Carrying photos of 43 rural school students who vanished a year ago Saturday, thousands took to the streets of Mexico City demanding justice for the disappearance and presumed massacre of the victims. The demonstrations follow a recent report from an independent human rights group rejecting the official account of what happened in Iguala, Guerrero state, Sept. 26, 2014, which suggests security forces and organized criminal gangs worked together to kill the students.
"We will march with energy. We can't rest in our search" for the students, Felipe de la Cruz, a spokesman for the families of the missing students, told Agence France-Presse. The students, from the Ayotzinapa Rural Teachers’ College, were taken into custody by local authorities after commandeering buses to take them to a demonstration in Mexico City and then disappeared. The remains of only two students have been confirmed by forensic specialists.
The disappearance happened as Mexico grappled (and continues to grapple) with controversial education policy reforms that rural teachers say treat poor, rural school districts unfairly. Guerrero state, home to the Pacific coastal tourist city of Acapulco, is one of Mexico’s poorest and most dangerous.
— AJ+ (@ajplus) September 24, 2015
Activists told the Associated Press they hoped the march would help bring justice by keeping the public’s attention on the as-of-yet-unresolved case. Though the marches were smaller than ones over the past year, the New York Times estimated 50,000 people turned out in the country’s capital Saturday.

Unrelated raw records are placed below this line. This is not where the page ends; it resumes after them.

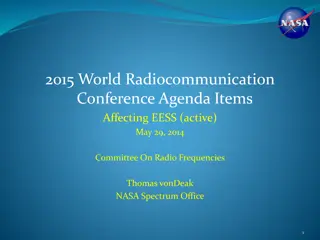2015 World Radiocommunication Conference Agenda Items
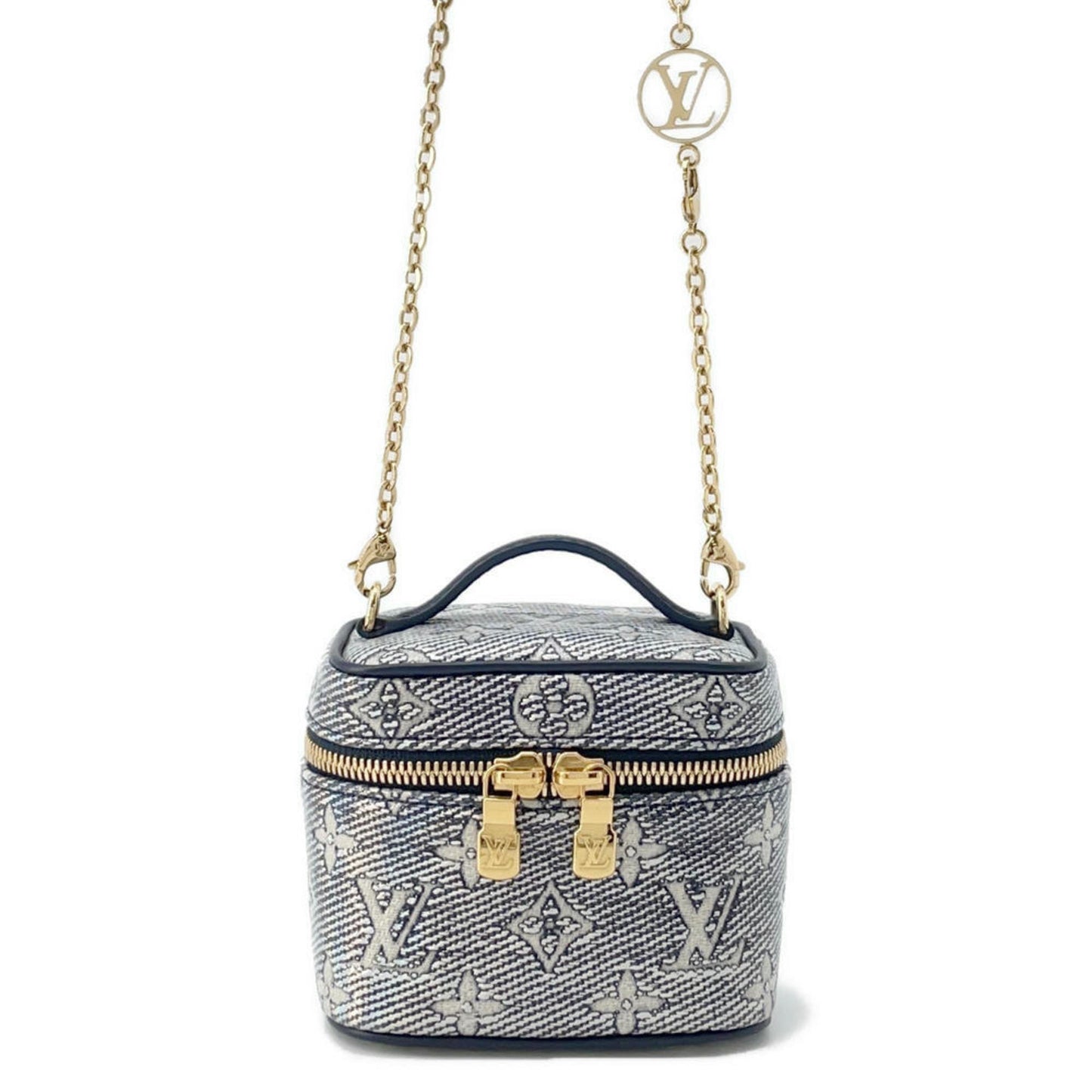 Louis Vuitton Chain Shoulder Bag Monogram Laminated Jacquard Micro Vanity M82467 Louis Vuitton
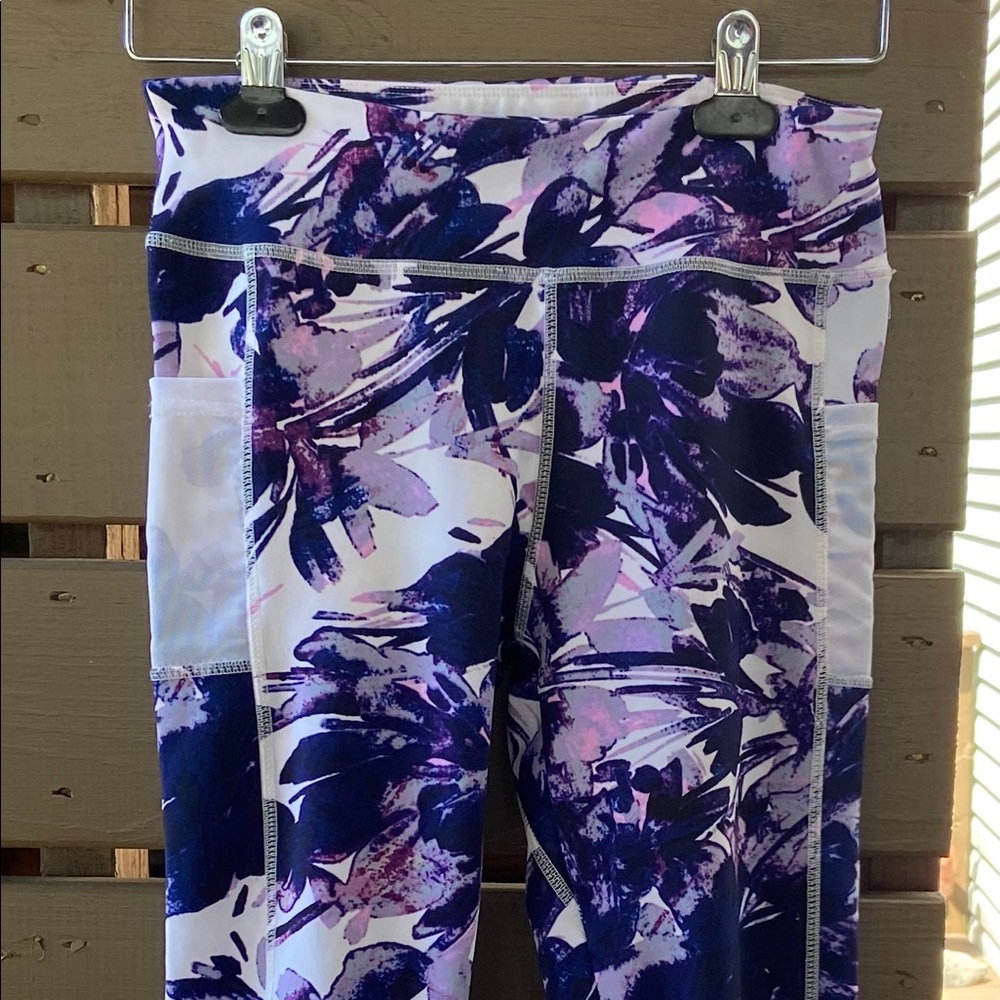 BSP purple pattern leggings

The federal government’s investigation into the disappearance concluded Iguala’s mayor ordered police to go after the students out of fear they would interrupt a speech his wife was giving that afternoon. The police then allegedly turned the students over to a local gang, the Guerreros Unidos, who killed them and burned their bodies in a dumpster in the nearby town of Cocula, according to the government's report.
But a report released last month from the regional human rights authority, the Inter-American Commission on Human Rights, rejected the Mexican government’s description of events. Among other allegations, the report states federal security forces had been tracking the students throughout the day and were at two of the scenes where the students were later attacked. If the report’s allegations are true, then the students were kidnapped with the involvement of state and federal police, who then collaborated with organized criminals to murder and dispose of the bodies.